EXHIBIT 10.4 WERNER ENTERPRISES, INC. NAMED EXECUTIVE OFFICER COMPENSATION
EX-10.4 3 wern-20151231ex104.htm EXHIBIT 10.4 Exhibit
EXHIBIT 10.4
WERNER ENTERPRISES, INC.
NAMED EXECUTIVE OFFICER COMPENSATION
On November 30, 2015, the Compensation Committee (the “Committee”) of the Board of Directors of Werner Enterprises, Inc. (the “Company”) approved the following base salaries and performance-based compensation awards, in the form of annual cash bonuses, for the Company’s principal executive officer, principal financial officer and other named executive officers.
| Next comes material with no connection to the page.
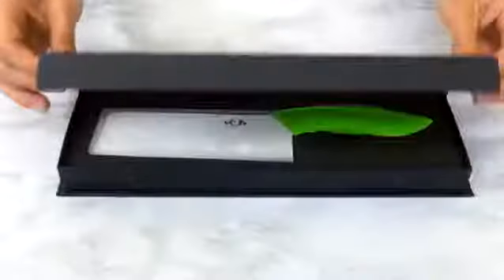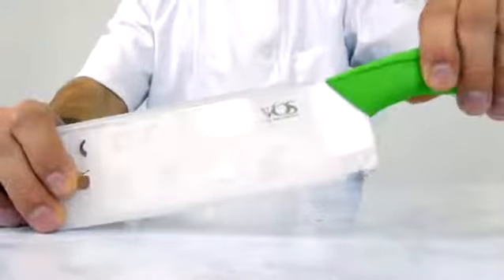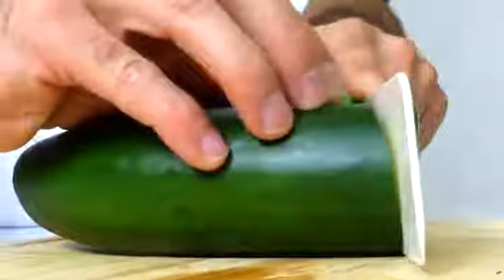Vegetarians worldwide have spent years searching for the perfect knife and now they found it with Voss. This ceramic, lightweight, and easy-to-use knife stays forever sharp. Slice and dice veggies in moments.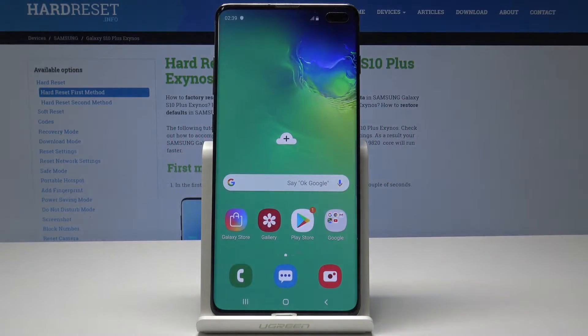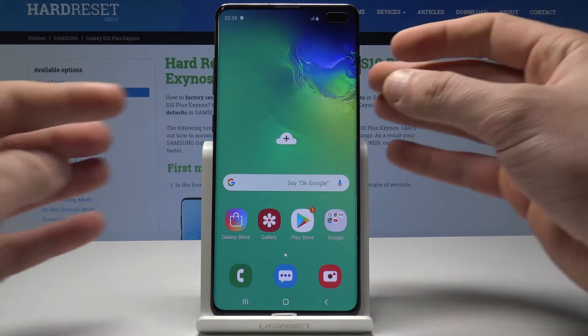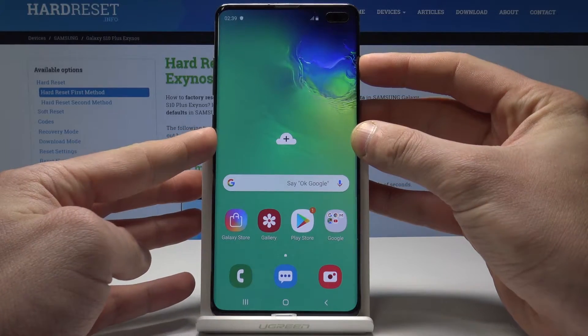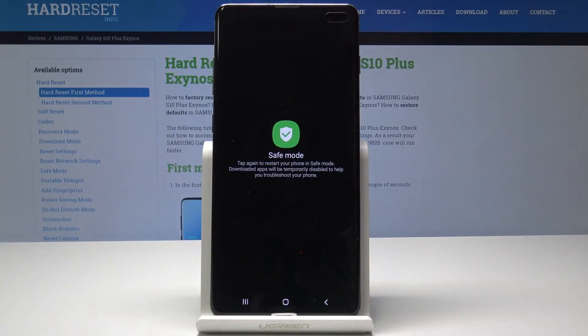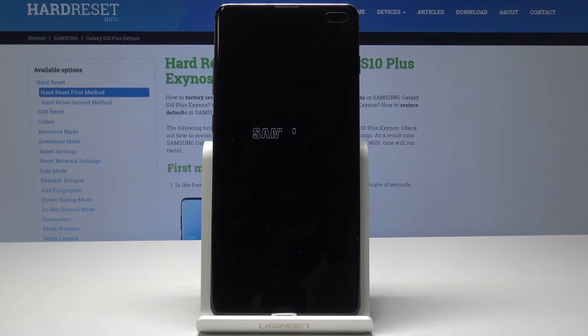Here I have Samsung Galaxy S10 Plus and let me show you how to enter safe mode on the following device. So at the very beginning, let's start by pressing the power key. Here let's hold down on power off, keep holding power off and the following icon should pop up. Let's tap on safe mode in order to enter safe mode.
The 2015 annual cash bonuses were awarded under the Company’s discretionary annual cash bonus program and were paid on December 3, 2015. Such performance-based compensation awards are determined at the sole discretion of the Committee.
Name | Base Salary | Cash Bonus | ||
Clarence L. Werner Chairman and Chief Executive Officer | $10,000 | $0 | ||
Gary L. Werner Vice Chairman (1) | $505,000 | $0 | ||
Derek J. Leathers President and Chief Operating Officer | $519,000 | $320,000 | ||
John J. Steele Executive Vice President, Treasurer and Chief Financial Officer | $235,000 | $115,000 | ||
James A. Mullen Executive Vice President and General Counsel | $373,440 | $120,000 | ||
(1) Gary L. Werner retired from the Company effective February 12, 2016. |
The named executive officers are also eligible to receive long-term incentive compensation, in the form of equity awards, at the sole discretion of the Committee. Equity awards are granted pursuant to the terms of the Werner Enterprises, Inc. Amended and Restated Equity Plan and either the Form of Notice of Grant of Nonqualified Stock Option, the Form of Restricted Stock Award Agreement or the Form of Performance-Based Restricted Stock Award Agreement, all of which are filed as exhibits to the Company's Form 10-K. To the extent required by SEC regulations, equity awards granted to the Company’s named executive officers are reported on Form 4 filings with the Securities and Exchange Commission.
In addition to the cash and equity compensation described above, certain of the Company’s named executive officers may also receive the following other compensation and perquisites: matching contributions to the Company’s 401(k) retirement savings plan and employee stock purchase plan, personal use of a Company-provided vehicle, country club membership, personal medical care membership program and income tax preparation services. The named executive officers are also eligible to participate in voluntary health and welfare benefit programs sponsored by the Company.